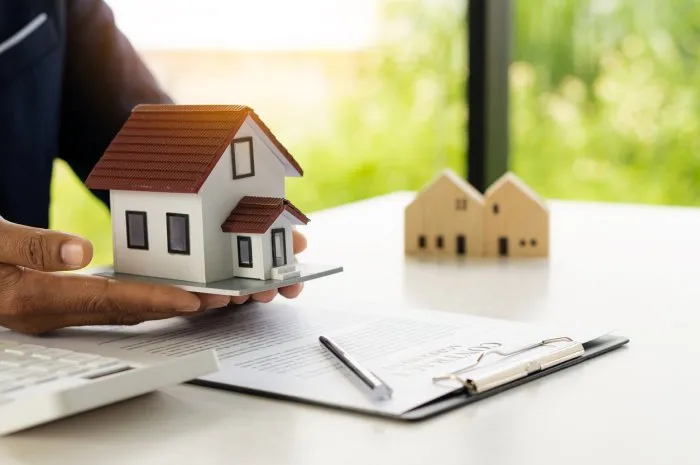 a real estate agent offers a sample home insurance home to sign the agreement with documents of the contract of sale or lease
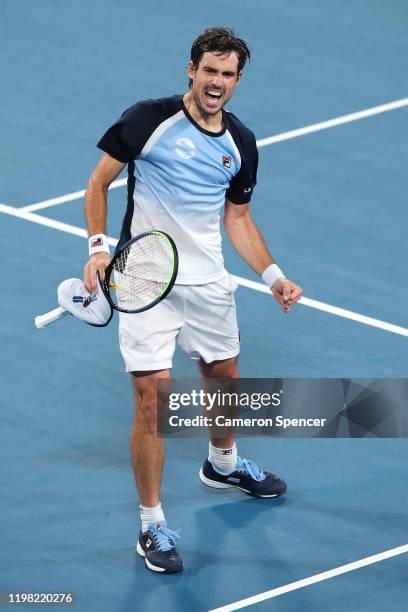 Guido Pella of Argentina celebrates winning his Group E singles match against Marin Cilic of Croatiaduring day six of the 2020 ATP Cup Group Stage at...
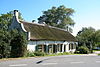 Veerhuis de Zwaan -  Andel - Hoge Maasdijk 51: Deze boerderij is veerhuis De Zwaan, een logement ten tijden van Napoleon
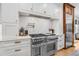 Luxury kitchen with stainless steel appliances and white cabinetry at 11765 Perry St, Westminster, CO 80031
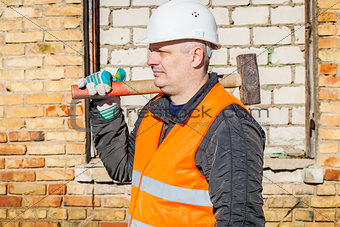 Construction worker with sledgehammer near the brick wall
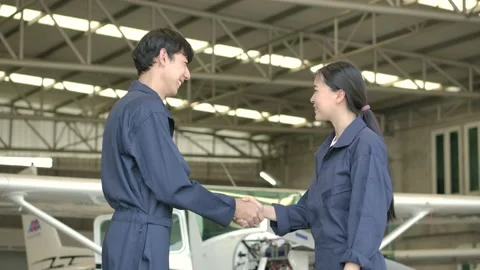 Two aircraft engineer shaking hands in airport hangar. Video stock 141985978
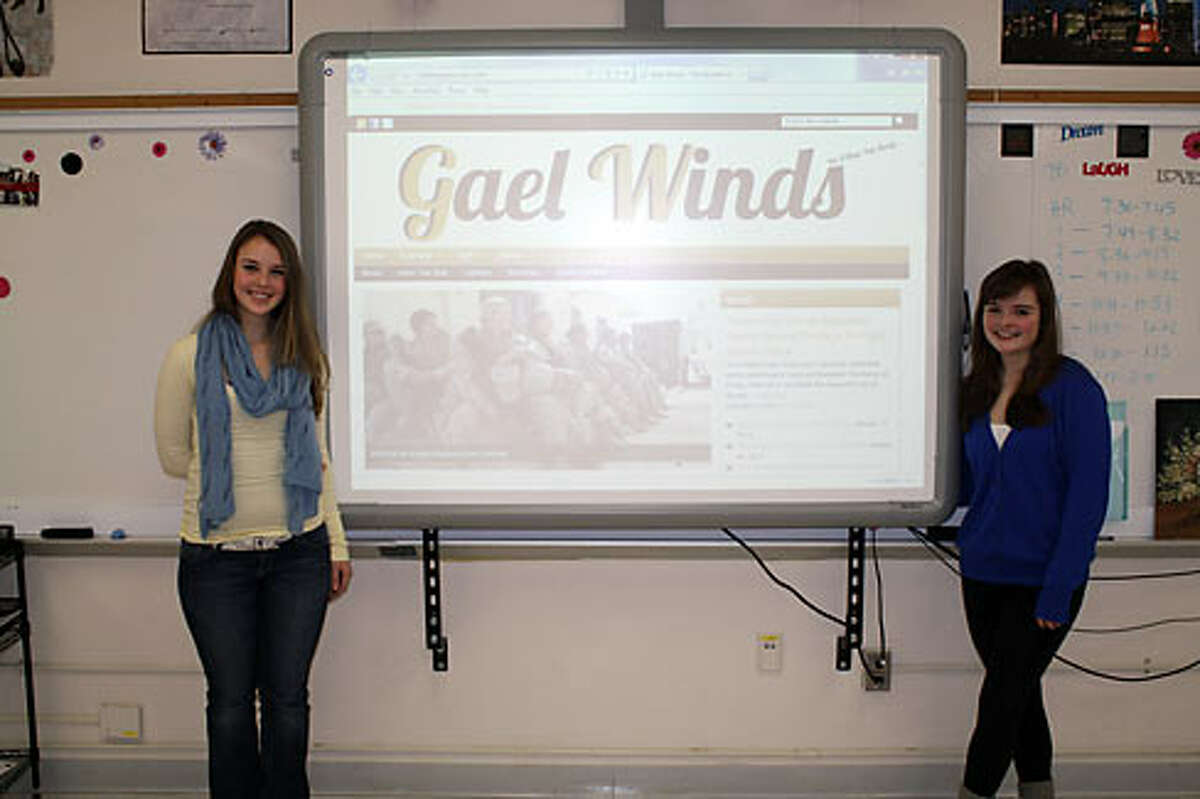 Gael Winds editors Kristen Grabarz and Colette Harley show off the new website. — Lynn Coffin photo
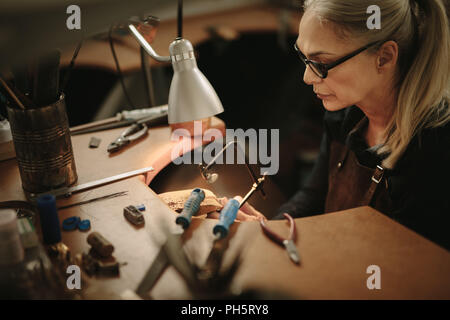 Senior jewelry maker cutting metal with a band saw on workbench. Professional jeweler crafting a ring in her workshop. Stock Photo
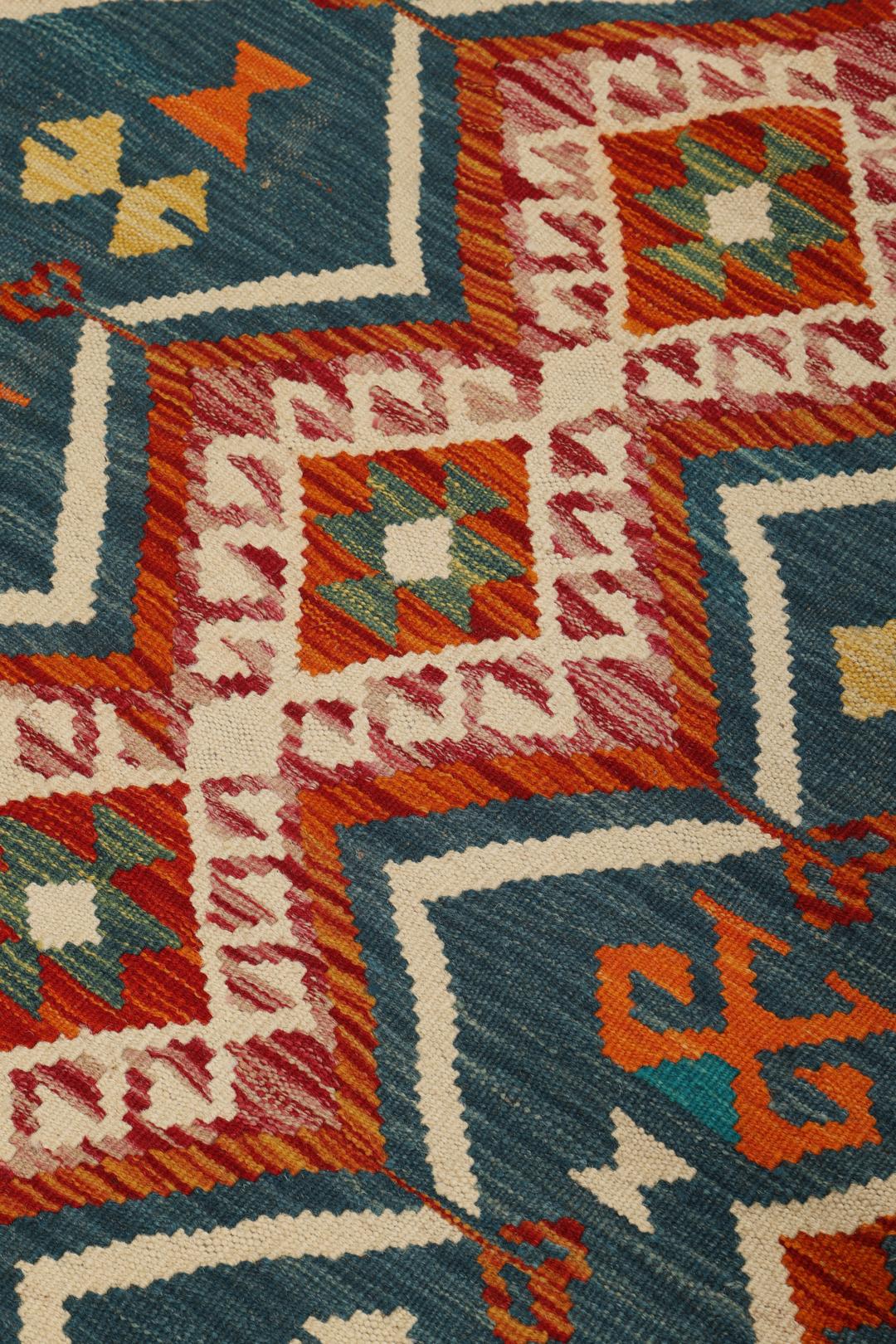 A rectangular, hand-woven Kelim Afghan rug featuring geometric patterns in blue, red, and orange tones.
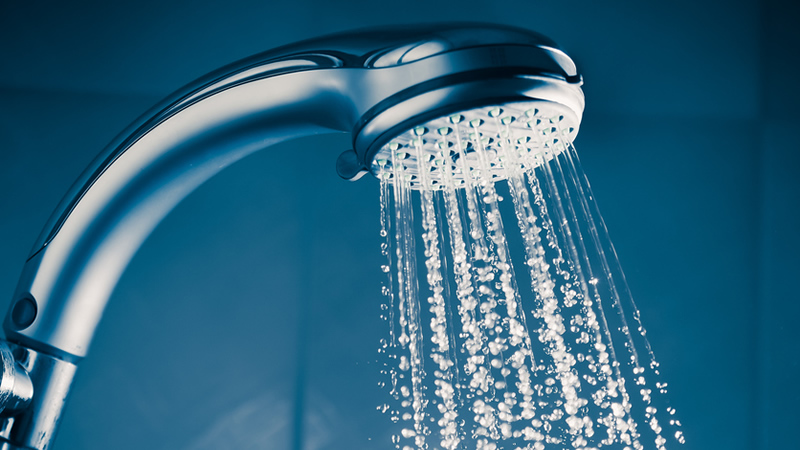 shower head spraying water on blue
========
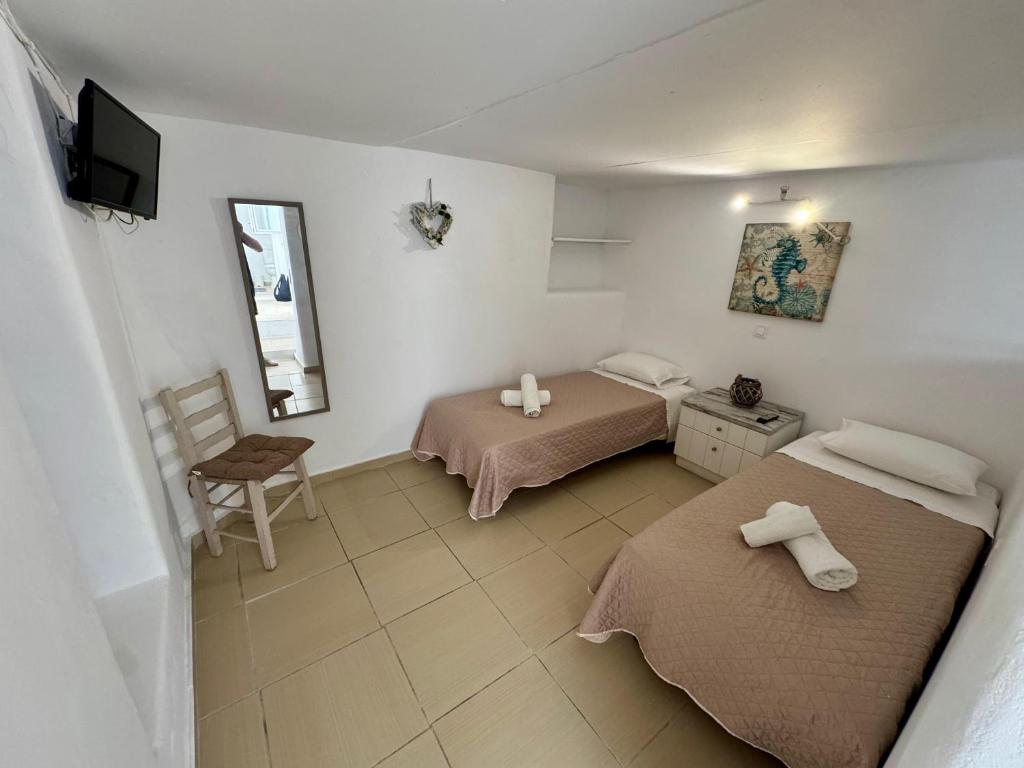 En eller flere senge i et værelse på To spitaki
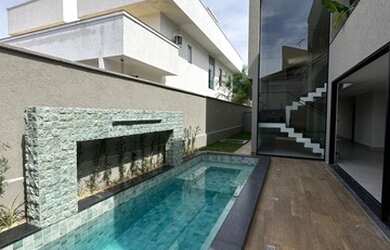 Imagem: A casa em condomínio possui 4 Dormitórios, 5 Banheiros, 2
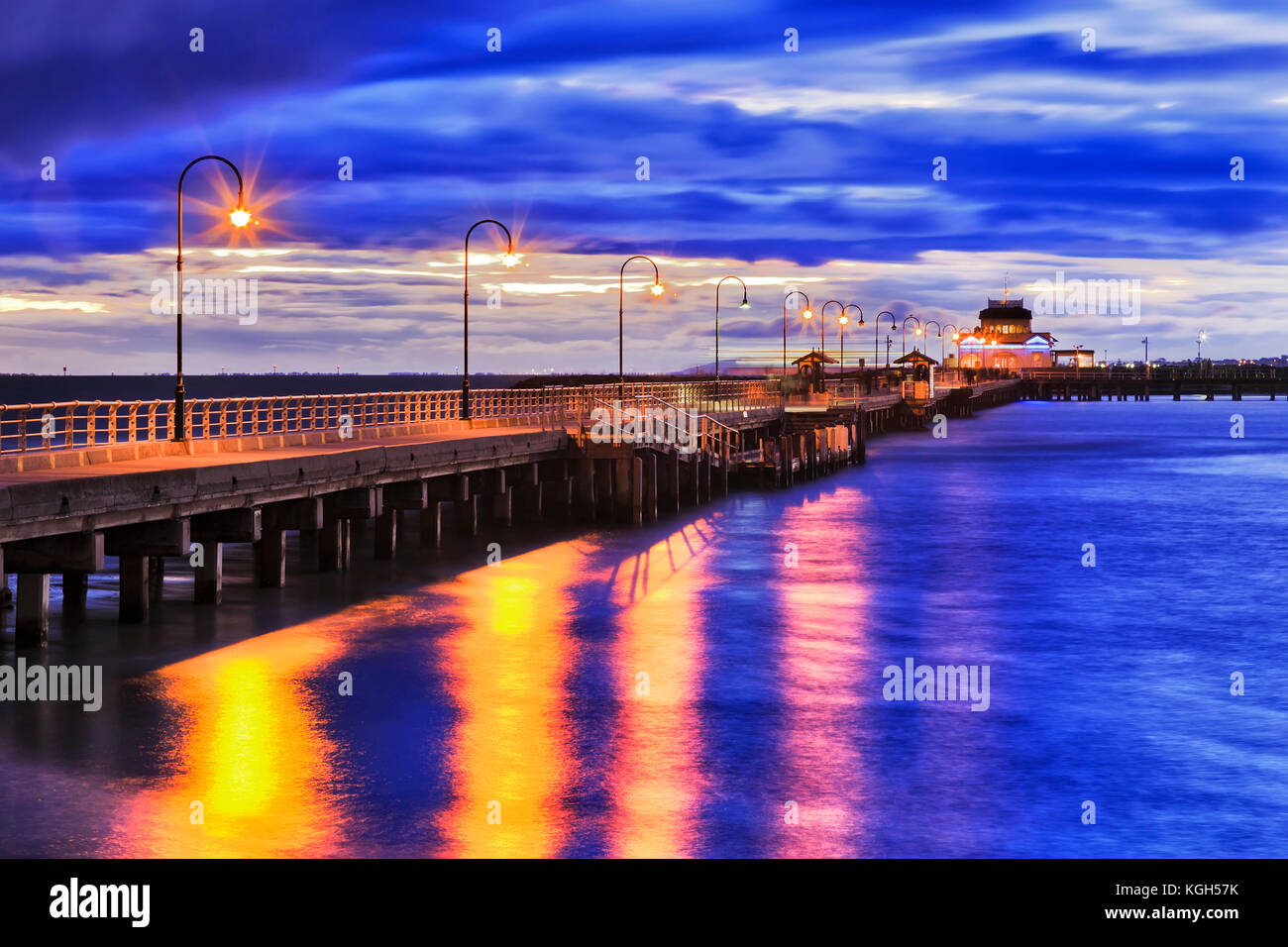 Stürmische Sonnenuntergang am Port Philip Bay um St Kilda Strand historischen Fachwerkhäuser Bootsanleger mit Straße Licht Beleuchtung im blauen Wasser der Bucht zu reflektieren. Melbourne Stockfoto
========
■ Description of the task: Output exactly, and only, the lines of the entries above from the one with "A rectangular, hand-woven" up to and including the one with "shower head spraying water on blue"; pictures are to be left out.

■ Final answer:
 A rectangular, hand-woven Kelim Afghan rug featuring geometric patterns in blue, red, and orange tones.
 shower head spraying water on blue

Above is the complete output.